Sweden
opens first retirement home for gays
David Landes (thelocal.se, 22/11/2013)
Sweden's first retirement home for elderly members of
the lesbian, gay, bisexual, and transgender (LGBT) communities opened in
Stockholm on Friday, capping a four-year effort that may spark a new trend.
On Friday afternoon, residents and supporters of the
Regnbågen (‘Rainbow’) senior living facility (seniorboende) will gather for an
official opening ceremony for the facility, which located in Stockholm’s Gärdet
neighbourhood.
"It's wonderful," resident and association
vice-chair Lars Mononen told The Local.
"People have worked hard on this for several
years and now it's finally a reality."
Regnbågen is a cooperative renters association for
people aged 55 and older that offers 27 flats located on the top three levels
of an eight-storey building on Sandhamnsgatan.

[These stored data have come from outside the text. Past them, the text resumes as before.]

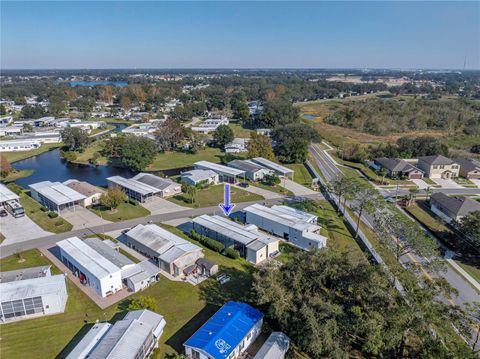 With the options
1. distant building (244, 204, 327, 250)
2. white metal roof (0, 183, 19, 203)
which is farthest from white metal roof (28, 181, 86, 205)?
distant building (244, 204, 327, 250)

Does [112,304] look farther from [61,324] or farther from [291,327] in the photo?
[291,327]

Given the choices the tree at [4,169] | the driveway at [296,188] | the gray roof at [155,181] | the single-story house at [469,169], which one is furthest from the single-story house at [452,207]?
the tree at [4,169]

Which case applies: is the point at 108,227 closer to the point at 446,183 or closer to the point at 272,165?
the point at 272,165

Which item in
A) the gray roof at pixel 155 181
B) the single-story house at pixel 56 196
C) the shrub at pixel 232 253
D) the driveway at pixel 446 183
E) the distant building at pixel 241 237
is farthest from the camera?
the driveway at pixel 446 183

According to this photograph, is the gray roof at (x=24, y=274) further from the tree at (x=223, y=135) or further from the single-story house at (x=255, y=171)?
the tree at (x=223, y=135)

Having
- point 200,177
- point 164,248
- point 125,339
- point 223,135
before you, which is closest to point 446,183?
point 200,177

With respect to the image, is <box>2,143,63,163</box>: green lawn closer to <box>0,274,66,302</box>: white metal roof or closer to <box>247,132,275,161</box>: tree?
<box>247,132,275,161</box>: tree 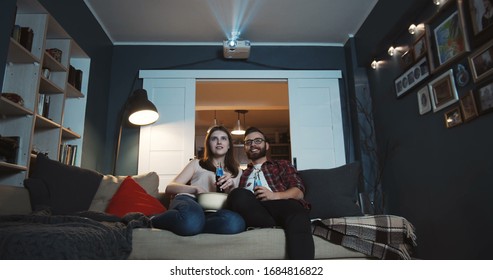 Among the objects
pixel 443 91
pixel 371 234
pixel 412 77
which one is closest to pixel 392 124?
pixel 412 77

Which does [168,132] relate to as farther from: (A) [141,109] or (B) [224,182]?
(B) [224,182]

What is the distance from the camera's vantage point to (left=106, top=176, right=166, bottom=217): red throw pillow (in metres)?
2.05

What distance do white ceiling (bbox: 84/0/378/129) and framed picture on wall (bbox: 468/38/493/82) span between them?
150cm

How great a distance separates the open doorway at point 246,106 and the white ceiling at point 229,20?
554 mm

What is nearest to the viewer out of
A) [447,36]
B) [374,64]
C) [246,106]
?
[447,36]

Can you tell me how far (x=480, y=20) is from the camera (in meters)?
1.98

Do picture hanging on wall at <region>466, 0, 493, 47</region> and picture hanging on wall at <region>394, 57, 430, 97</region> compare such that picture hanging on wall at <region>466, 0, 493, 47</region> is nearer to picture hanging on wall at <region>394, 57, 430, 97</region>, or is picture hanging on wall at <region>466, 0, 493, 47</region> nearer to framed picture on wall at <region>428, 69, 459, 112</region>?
framed picture on wall at <region>428, 69, 459, 112</region>

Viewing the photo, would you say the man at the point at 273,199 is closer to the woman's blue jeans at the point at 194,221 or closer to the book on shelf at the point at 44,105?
the woman's blue jeans at the point at 194,221

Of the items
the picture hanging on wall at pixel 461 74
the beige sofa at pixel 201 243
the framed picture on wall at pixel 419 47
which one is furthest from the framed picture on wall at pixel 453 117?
the beige sofa at pixel 201 243

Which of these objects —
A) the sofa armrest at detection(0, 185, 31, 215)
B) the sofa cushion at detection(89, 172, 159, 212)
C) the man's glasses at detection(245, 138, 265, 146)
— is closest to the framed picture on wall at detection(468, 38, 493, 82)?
the man's glasses at detection(245, 138, 265, 146)

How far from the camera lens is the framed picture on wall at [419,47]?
103 inches

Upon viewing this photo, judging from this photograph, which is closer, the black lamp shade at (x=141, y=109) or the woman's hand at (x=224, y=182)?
the woman's hand at (x=224, y=182)

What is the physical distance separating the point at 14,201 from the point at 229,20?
2662 millimetres

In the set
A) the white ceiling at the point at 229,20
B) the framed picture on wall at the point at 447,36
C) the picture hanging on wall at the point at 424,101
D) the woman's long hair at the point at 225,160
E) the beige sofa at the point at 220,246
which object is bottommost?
the beige sofa at the point at 220,246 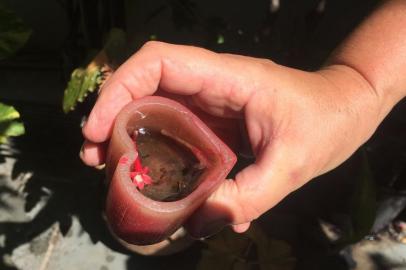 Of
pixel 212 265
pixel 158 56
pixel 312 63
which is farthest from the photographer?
pixel 312 63

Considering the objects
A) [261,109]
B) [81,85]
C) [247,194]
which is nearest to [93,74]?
[81,85]

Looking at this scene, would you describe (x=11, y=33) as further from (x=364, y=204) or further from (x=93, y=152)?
(x=364, y=204)

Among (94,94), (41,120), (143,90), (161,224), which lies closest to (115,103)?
(143,90)

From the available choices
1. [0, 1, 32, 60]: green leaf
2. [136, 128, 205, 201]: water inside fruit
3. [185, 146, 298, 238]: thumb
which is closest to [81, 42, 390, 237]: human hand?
[185, 146, 298, 238]: thumb

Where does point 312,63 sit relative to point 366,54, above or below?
below

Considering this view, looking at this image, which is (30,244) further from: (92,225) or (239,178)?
(239,178)

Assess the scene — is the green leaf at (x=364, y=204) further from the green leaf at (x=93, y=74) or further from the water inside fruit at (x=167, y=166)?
the green leaf at (x=93, y=74) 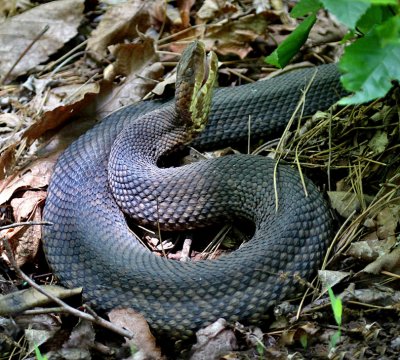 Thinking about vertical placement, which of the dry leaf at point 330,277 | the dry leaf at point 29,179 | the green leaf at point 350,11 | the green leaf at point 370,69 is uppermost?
the green leaf at point 350,11

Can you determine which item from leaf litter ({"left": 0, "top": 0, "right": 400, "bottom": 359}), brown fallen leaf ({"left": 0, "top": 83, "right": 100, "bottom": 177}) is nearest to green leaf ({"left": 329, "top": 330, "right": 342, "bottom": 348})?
leaf litter ({"left": 0, "top": 0, "right": 400, "bottom": 359})

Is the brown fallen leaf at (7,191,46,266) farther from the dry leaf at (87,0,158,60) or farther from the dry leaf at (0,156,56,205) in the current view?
the dry leaf at (87,0,158,60)

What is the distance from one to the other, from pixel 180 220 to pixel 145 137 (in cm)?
86

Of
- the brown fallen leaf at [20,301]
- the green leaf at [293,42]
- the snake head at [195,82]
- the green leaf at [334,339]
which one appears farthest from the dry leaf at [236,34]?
the green leaf at [334,339]

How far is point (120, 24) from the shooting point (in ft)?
21.6

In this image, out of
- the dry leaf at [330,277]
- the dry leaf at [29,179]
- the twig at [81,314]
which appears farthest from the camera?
the dry leaf at [29,179]

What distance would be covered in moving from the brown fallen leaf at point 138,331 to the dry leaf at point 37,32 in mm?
3377

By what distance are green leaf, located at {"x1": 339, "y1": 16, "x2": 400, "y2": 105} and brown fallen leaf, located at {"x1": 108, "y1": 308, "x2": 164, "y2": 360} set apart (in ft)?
5.81

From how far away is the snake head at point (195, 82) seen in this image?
191 inches

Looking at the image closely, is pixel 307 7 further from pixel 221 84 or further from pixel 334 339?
pixel 221 84

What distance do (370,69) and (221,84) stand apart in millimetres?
3145

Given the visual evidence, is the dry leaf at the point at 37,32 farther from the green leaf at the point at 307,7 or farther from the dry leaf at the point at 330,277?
the dry leaf at the point at 330,277

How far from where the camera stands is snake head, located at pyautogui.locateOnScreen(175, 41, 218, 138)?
16.0ft

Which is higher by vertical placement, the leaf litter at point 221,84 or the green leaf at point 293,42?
the green leaf at point 293,42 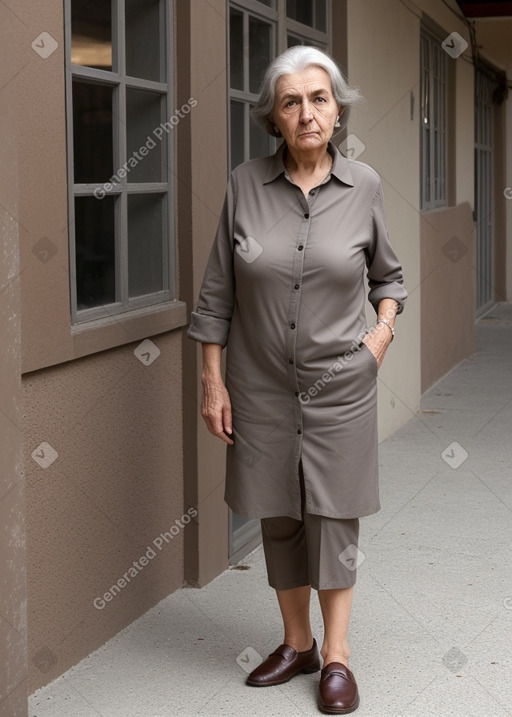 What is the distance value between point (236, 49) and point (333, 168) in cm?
180

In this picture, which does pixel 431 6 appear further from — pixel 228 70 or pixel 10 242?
pixel 10 242

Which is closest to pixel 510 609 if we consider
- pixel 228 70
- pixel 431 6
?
pixel 228 70

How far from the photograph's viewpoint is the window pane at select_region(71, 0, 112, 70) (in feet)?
13.2

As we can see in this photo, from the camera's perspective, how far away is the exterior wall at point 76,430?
3684mm

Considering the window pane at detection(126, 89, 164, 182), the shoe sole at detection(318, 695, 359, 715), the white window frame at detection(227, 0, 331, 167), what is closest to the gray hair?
the window pane at detection(126, 89, 164, 182)

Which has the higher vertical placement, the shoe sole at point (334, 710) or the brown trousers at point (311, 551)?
the brown trousers at point (311, 551)

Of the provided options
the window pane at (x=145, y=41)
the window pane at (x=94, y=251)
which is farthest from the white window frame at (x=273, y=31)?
the window pane at (x=94, y=251)

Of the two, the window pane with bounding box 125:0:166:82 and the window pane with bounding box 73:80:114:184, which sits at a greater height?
the window pane with bounding box 125:0:166:82

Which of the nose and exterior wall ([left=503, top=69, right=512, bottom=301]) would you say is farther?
exterior wall ([left=503, top=69, right=512, bottom=301])

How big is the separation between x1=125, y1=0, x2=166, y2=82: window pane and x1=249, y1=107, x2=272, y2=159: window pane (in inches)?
42.0

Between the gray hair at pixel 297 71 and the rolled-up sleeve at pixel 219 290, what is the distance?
0.27m

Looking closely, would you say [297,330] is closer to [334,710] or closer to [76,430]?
[76,430]

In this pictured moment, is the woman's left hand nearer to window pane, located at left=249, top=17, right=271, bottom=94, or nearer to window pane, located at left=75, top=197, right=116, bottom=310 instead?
window pane, located at left=75, top=197, right=116, bottom=310

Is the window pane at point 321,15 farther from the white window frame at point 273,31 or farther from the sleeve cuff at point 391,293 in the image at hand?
the sleeve cuff at point 391,293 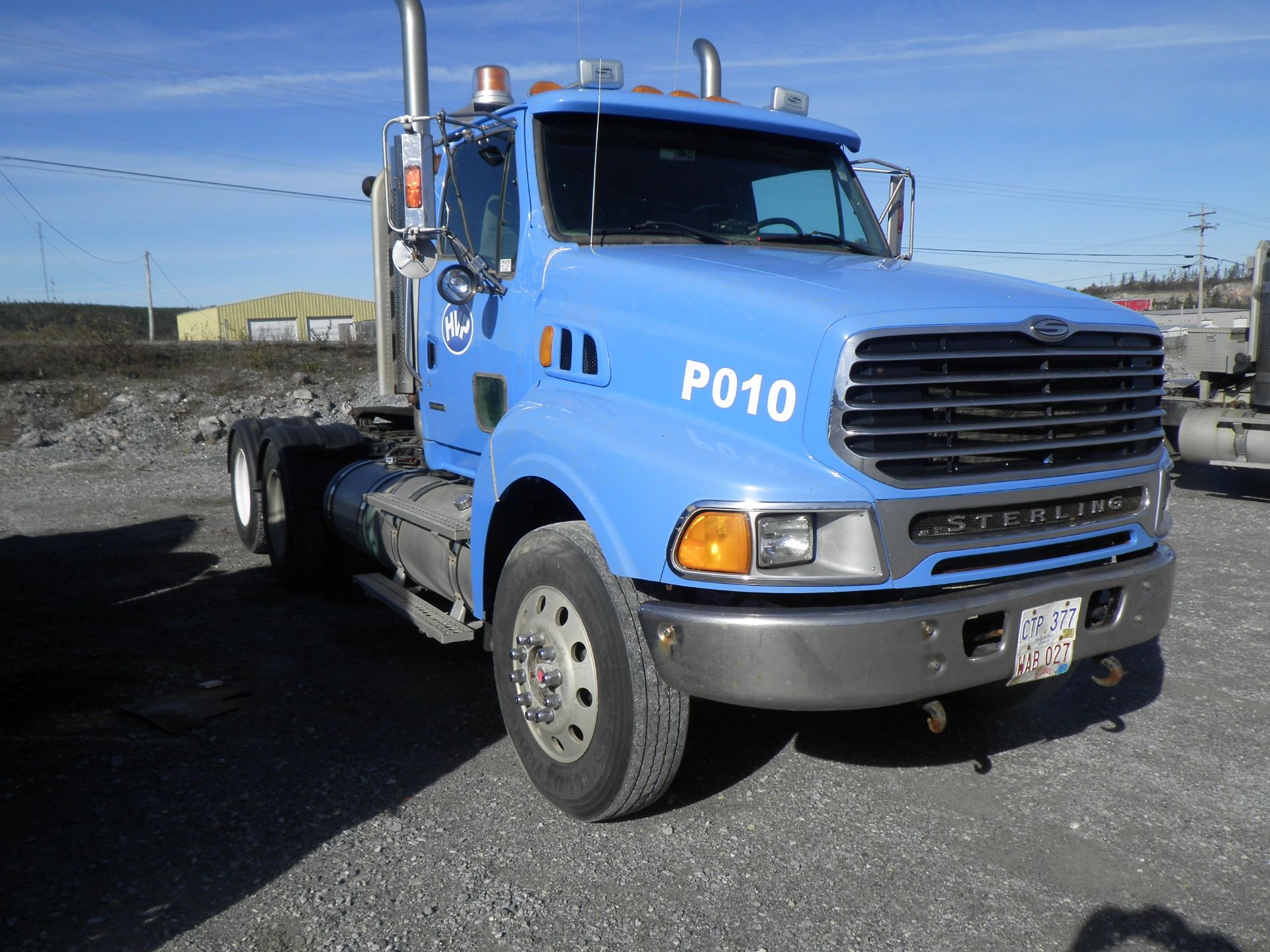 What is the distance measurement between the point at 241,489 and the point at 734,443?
603 cm

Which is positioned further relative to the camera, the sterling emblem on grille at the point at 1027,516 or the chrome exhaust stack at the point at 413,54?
the chrome exhaust stack at the point at 413,54

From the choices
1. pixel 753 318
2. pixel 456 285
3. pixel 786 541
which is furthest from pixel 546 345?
pixel 786 541

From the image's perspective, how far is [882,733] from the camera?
437 centimetres

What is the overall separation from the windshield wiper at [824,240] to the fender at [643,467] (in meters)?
1.39

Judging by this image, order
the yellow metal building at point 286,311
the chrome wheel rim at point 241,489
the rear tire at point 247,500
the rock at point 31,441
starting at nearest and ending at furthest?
the rear tire at point 247,500 < the chrome wheel rim at point 241,489 < the rock at point 31,441 < the yellow metal building at point 286,311

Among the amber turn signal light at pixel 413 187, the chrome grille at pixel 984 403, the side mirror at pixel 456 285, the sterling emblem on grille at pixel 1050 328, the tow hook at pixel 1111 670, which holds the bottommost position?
the tow hook at pixel 1111 670

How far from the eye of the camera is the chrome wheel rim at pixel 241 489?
7773 mm

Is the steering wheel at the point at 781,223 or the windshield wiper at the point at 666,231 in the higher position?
the steering wheel at the point at 781,223

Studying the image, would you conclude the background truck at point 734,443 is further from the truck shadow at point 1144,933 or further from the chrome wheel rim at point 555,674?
the truck shadow at point 1144,933

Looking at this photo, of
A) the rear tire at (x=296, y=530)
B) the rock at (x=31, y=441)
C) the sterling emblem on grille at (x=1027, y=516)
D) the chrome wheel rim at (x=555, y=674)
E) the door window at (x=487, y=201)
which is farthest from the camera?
the rock at (x=31, y=441)

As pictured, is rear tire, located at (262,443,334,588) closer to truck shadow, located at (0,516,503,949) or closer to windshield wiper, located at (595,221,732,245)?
truck shadow, located at (0,516,503,949)

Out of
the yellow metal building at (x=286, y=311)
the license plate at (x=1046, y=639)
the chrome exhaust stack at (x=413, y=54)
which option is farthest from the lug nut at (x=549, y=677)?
the yellow metal building at (x=286, y=311)

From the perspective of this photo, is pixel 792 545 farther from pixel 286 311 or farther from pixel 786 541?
pixel 286 311

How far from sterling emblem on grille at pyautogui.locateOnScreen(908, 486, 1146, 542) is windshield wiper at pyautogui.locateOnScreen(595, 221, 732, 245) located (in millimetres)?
1764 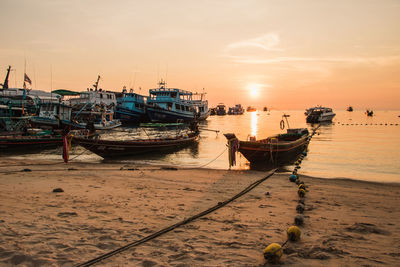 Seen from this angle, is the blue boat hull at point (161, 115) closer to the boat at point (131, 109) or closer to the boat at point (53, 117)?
the boat at point (131, 109)

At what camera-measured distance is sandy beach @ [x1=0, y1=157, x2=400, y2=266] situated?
4125 mm

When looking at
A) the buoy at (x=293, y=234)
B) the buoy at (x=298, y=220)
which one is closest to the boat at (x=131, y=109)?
the buoy at (x=298, y=220)

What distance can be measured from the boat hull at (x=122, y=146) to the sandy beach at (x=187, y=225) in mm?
6841

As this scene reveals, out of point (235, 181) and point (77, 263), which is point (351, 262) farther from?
point (235, 181)

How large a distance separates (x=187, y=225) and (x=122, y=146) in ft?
41.7

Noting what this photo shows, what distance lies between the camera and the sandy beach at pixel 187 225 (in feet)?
13.5

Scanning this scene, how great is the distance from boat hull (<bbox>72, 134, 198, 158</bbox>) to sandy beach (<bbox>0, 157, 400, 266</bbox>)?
684cm

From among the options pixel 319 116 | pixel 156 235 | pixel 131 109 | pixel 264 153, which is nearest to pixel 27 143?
pixel 264 153

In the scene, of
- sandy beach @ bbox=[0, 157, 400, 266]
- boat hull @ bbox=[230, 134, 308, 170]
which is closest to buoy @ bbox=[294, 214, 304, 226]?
sandy beach @ bbox=[0, 157, 400, 266]

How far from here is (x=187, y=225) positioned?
5.42 metres

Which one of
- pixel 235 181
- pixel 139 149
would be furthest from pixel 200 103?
pixel 235 181

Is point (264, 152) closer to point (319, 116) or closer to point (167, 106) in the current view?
point (167, 106)

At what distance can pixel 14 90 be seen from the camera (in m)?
45.5

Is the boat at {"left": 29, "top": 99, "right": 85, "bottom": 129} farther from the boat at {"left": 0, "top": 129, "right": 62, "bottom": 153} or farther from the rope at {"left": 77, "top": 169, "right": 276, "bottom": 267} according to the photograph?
the rope at {"left": 77, "top": 169, "right": 276, "bottom": 267}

Forty men and women have already moved into the
facility, which means the majority of the association's 90 members are waiting
for a flat to open up.
"Some of our members are younger people who are
in their thirties who are planning for the future by getting in the queue
now," said Mononen, who is 64 and joined the association earlier this
year.
He explained that Regnbågen is meant to be a place
where members of the lesbian, gay, bisexual, and transgender (LGBT) communities
can feel comfortable in their later years.
"We don't have kids, generally, and often aren't
that close to other family members, and when you stop working you really miss
that social interaction," said Mononen.
"Renbågen gives us all a little bit of an extra
social safety net lets us be a part of an active community. This is a place
where people actually seek out contact with their neighbours, rather than try
to avoid it."
Plans for the facility were hatched
in earnest back in 2009 and involved representatives from Stockholms Äldreboende AB, which manages
the provision of care of a nursing home in the northern section of central
Stockholm, and Micasa Fastigheter, which manages all of Stockholm’s nursing
home properties.
When it became clear that there was strong interest
among members of the city's LGBT community for an senior living facility with
their interests in mind, the project gained additional momentum.
"We’re looking to create a care home where LGBT
people can ‘speak their own language’ and feel secure in who they are,"
Renbågen chairman Christer Fällman, considered one of the main drivers behind
the project, told The Local in 2009 when planning first began in earnest.
While the facility caters to the needs of homosexuals,
including staff trained in issues specific to the community, it would be open
to anyone and would accept residents from around the country.
“We don’t want this to be seen as a move back into the
closet. Anyone will be allowed to live there. It would be another form of
integration,” said Fällman.
Mononen reckons that while Renbågen may be Sweden's
first gay-friendly retirement home, it likely won't be the last.
"I know already they are looking at doing
something similar in Gothenburg," he said.